The in vitro effectiveness of some inorganic and organic compounds of selenium, as substitutes glutathione peroxidase has been evaluated by Tarini (12), it has been found that the enzyme activity decreases in the following order: selenite> Se-cysteine > selenate> Se-ethionine> Se-methionine> selenium cyanate. This result is probably due to the loss of the common effect of dietary background.

A more recent study, performed on Finnish men, makes a comparison between the selenium yeast supplementations of selenite and selenate in terms of levels of selenium glutathione peroxidase of blood platelets in plasma levels of blood and red blood cells (13). A daily supplementation of 200 ug of selenium during 16 weeks in one of its forms (plus placebo) indicates that the selenites and the selenates, but not selenium yeast, 30% increase in the activity of glutathione peroxidase platelets in the blood, compared with placebo by much less than the 70% found in previous studies.

The selenium yeast and selenium in selenite increase the plasma after 11 weeks of supplementation, from 1.39 umol / l to maximum values ​​of 2.15 and 1.58 umol / l respectively. Only selenium yeast became incorporated into red blood cells. The concentration of selenium in blood plasma, which had to reach a peak of activity of glutathione peroxidase platelet was 1.25-1.45 umol. Therefore, with the current intake of 100 mg / day in Finland, the activity of glutathione peroxidase is saturated in the plasma and red blood cells, and platelets almost saturated.

Ascorbic acid (vitamin C) may have a beneficial effect on the bioavailability of selenium (14), as measured by blood plasma levels and the activity of glutathione peroxidase in plasma.
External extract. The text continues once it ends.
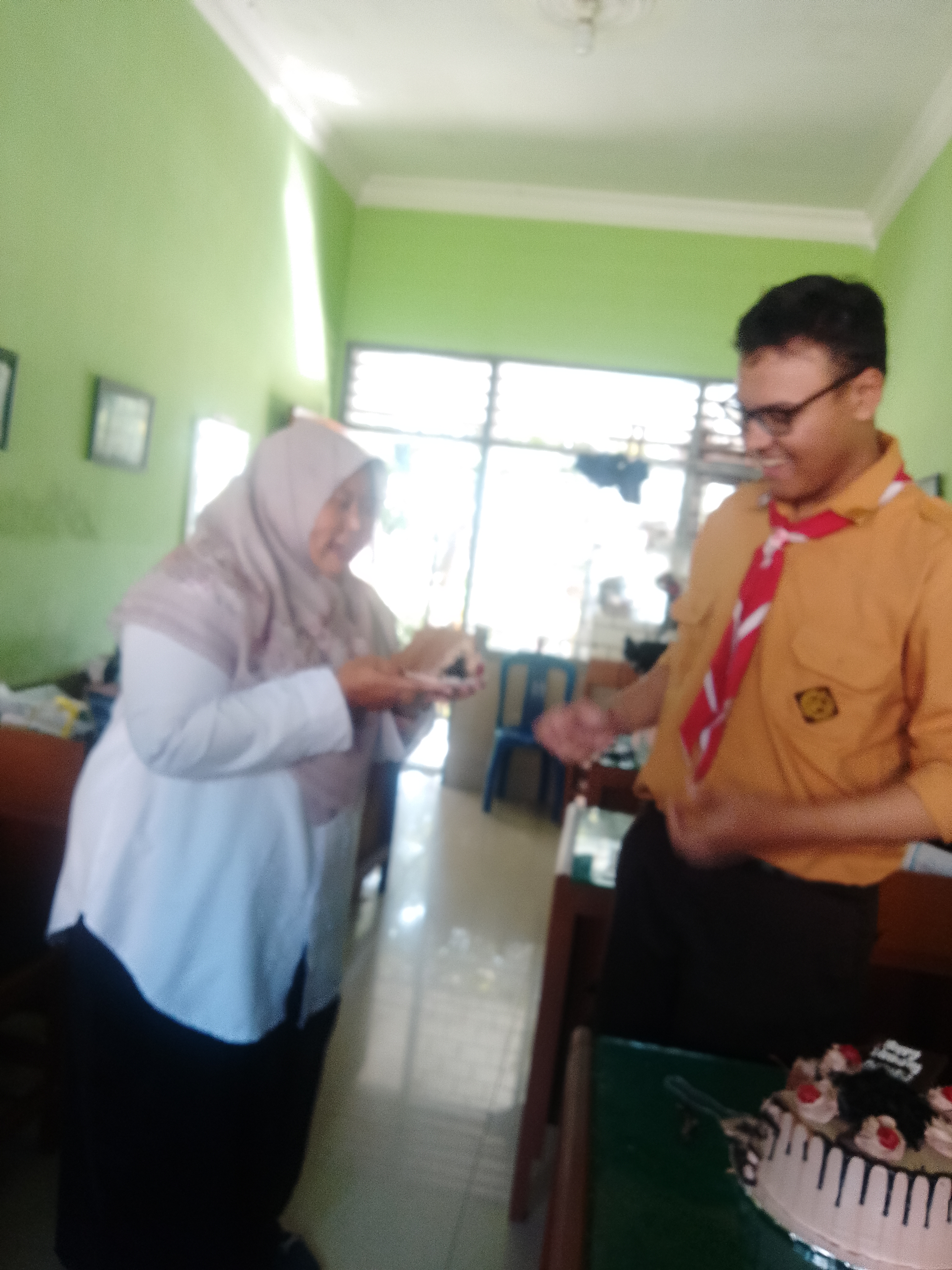 Kok bisa? Murid "bule" ku fasih berbahasa Inggris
Four weeks of supplementation with 50 ug of selenium tid with meals, with and without 200 mg of ascorbic acid, indicated that the blood plasma levels were increased significantly over those treated with selenium in the form of sodium selenate, in those taking this amount of trace mineral as selenate more ascorbic acid, and in those treated with ascorbic acid alone. The highest levels were found in those who had taken selenium and ascorbic acid, and the lowest were those of patients treated with ascorbic acid alone. The activity of glutathione peroxidase blood responded similarly.
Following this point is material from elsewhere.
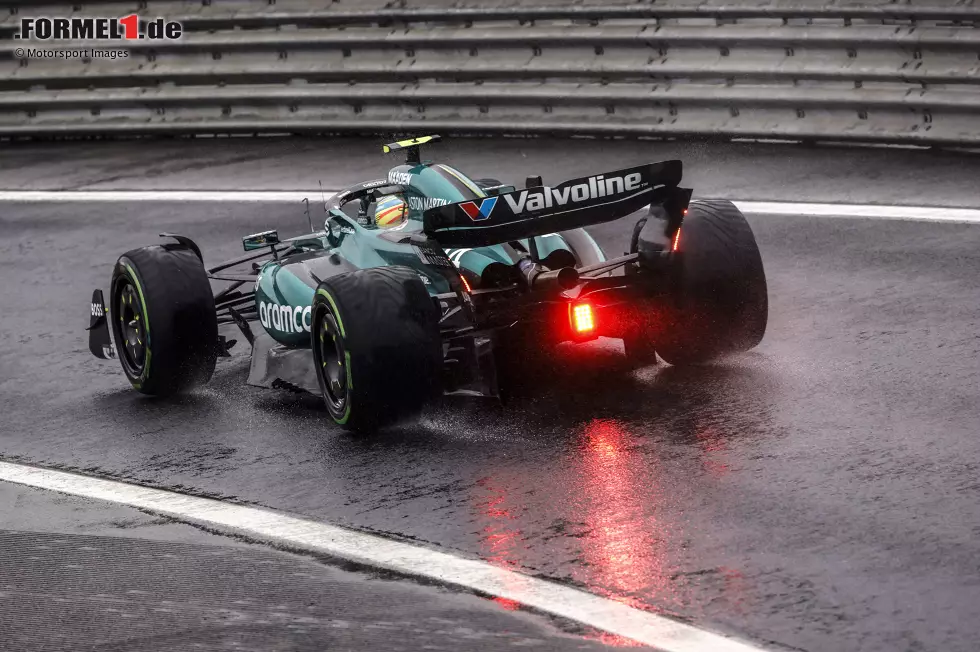 Foto zur News: Fernando Alonso (Marc Surer: 4) - &quot;Crash, in der Wiese - gerade mit seiner Erfahrung hätte ich mehr erwartet.&quot;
These results suggest that ascorbic acid has a beneficial effect on the bioavailability of selenium in foods with less effect on supplemental selenium in the form of selenate. Selenium is present in many foods ways, some of which are best absorbed in the presence of ascorbic acid. There is absolutely no argument in support of organic forms, although many pharmaceutical firms have promoted these substances as the only effective. Thus, both the organic and inorganic forms have the ability to provide essential selenium body.
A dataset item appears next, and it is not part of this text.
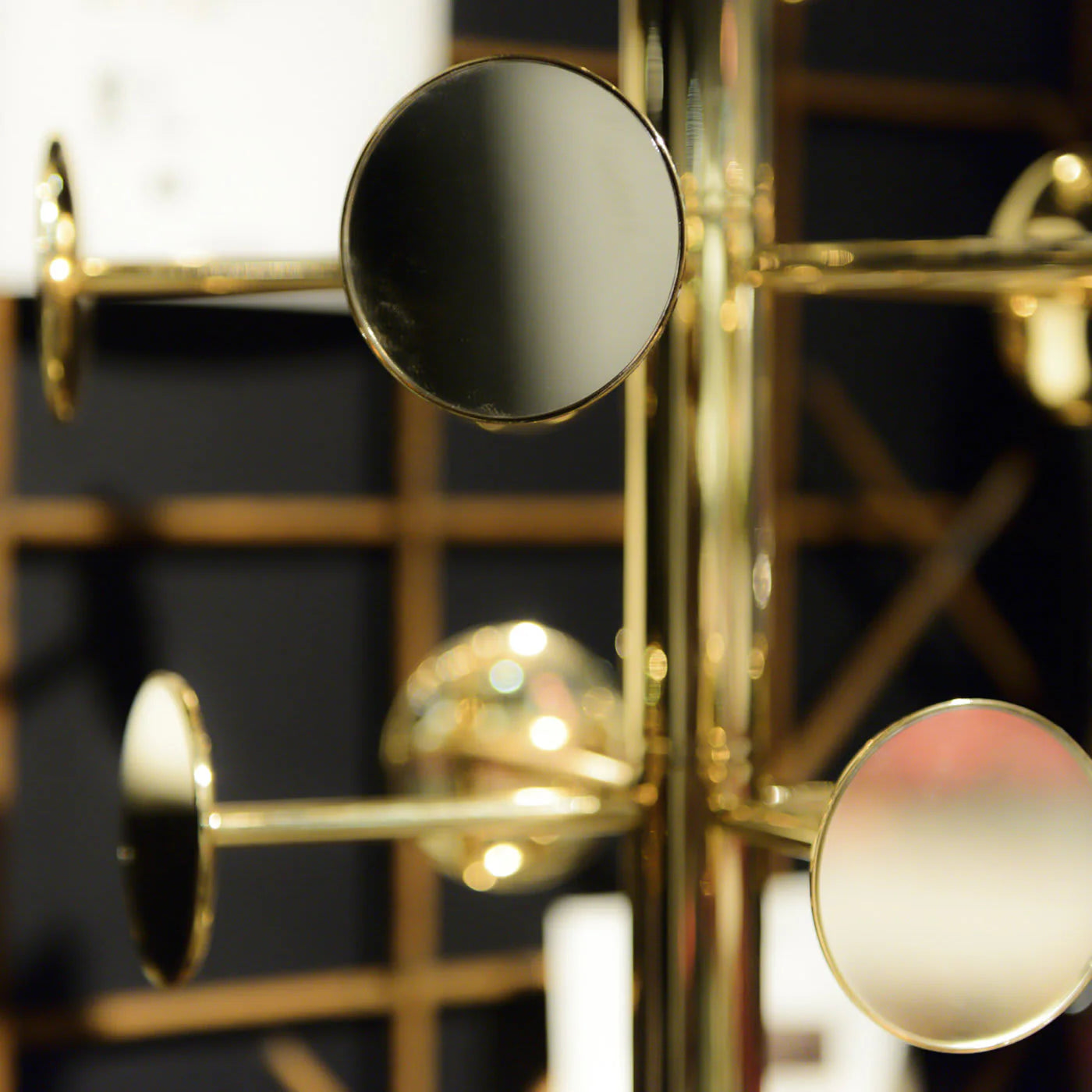 Stehender Kleiderständer CHAPERON silber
Technically, selenates that selenites are best because of their chemical stability. Finland has one of the lowest dietary intakes of selenium worldwide and in an attempt to remedy this situation, an experiment was undertaken, which was added to the mineral fertilizers used on crops. In the group of men studied, their dietary intake was increased from 40 to 100 micrograms of selenium daily when fed agricultural products with selenium supplementation. The communication we have discussed (13) was a track that study, using the same group of men.

Since, with this intake, platelets, plasma and red blood cells, the activity levels of glutathione peroxidase are near or at their peak, this should be enough to cover the physiological and biochemical everyday . However, now analyze the relationship between intake of selenium and prevention of diseases, in cases where the amounts would be higher may be necessary for therapeutic purposes.